The initial hypothesis was that the ergonomics of video game controllers would improve over time due to manufacturers recognising its importance. While there is certainly considerable evidence to suggest that this hypothesis holds true, a troubling issue is that all four of the controllers failed the test for the diameter of the face buttons, which are a vital part of controllers bar the analogue sticks.
It was thought that this might be a deliberate decision on the manufacturers’ parts to optimise their controllers’ usability when playing games. To test whether this was truly the case, a prototype for an ideal controller that perfectly met every criterion was manufactured and tested. It was 3D modelled in accordance with every ideal anthropometric dimension used to test the four controllers in this study. Figure 24 depicts the process of 3D printing the prototype controller to produce a 1:1 scale model of the proposed controller.

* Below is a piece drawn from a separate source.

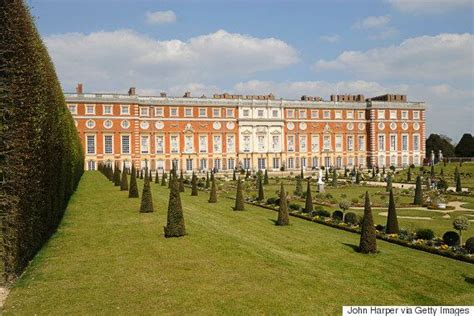 Ghost Of The Grey Lady Of Hampton Court Palace Photographed | HuffPost UK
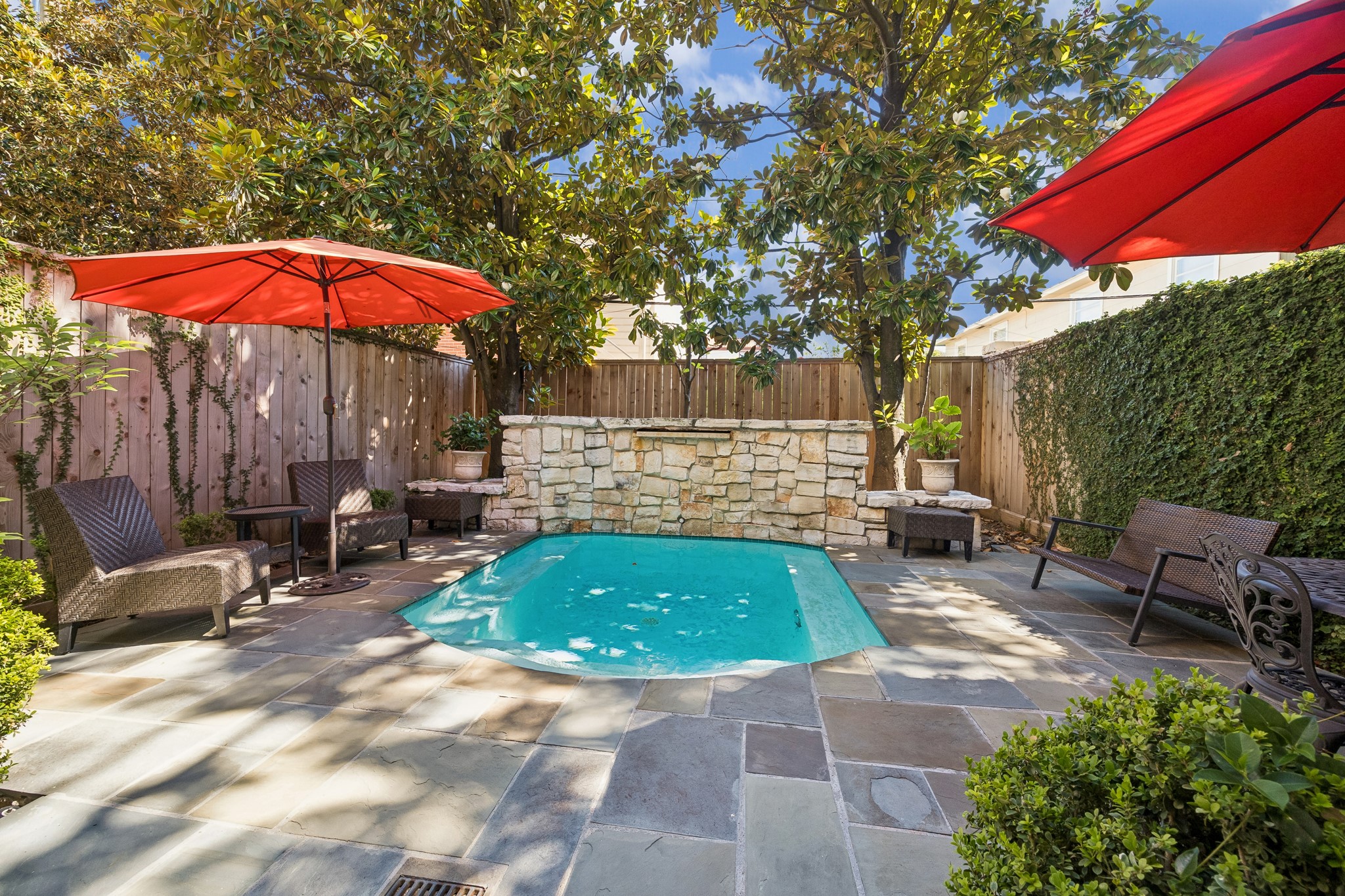 2207 Dunraven Lane Houston, TX 77019 - Photo 27 of 33 Big - Big backyard !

According to the initial assumptions, this prototype controller would be perfect due to its adherence to the ideal anthropometric values. To validate this assumption, the controller was tested by collecting user feedback from the same users that provided feedback for criterion 5 in the previous sections. Figure 25 shows the 3D model of the prototype and a user testing the 3D printed model.
The full user feedback for the prototype is given in the appendix. The predominant complaint amongst all the users was that the prototype’s face buttons seemed too awkward to use effectively. This comment came as a surprise as the controller followed every ideal anthropometric value and was supposedly ergonomically perfect. It was later realised that by maintaining the distance between the face buttons, the centres of the buttons were placed further apart, forcing users to cover a larger area when switching between the face buttons. Perhaps it is because of this reason that controller manufacturers chose to design smaller face buttons.
The hypothesis stated at the beginning of the study, that video game controllers have experienced considerable ergonomic development over time to fit the anthropometrics of a variety of users, can certainly be said to hold true. However, the failure of all four controllers’ face buttons to meet the required minimum diameter raises doubts whether manufacturers truly designed their controllers in accordance with standard anthropometric values.
This shortcoming can be addressed by concluding that video game controllers are specialised devices made to fulfil the sole purpose of gaming, and so they cannot be effectively used as input devices for other purposes as of yet. They have features that cannot be identically adapted from other handheld devices, and so not all the standard anthropometric values used for the design of these devices can be applied to video game controllers. Regardless, video game controllers have undoubtedly experienced immense ergonomic development in their design over the years to become devices that are effective and satisfying in their usage. Perhaps these controllers will one day set their own distinct anthropometric standard that will be used to improve other everyday handheld devices.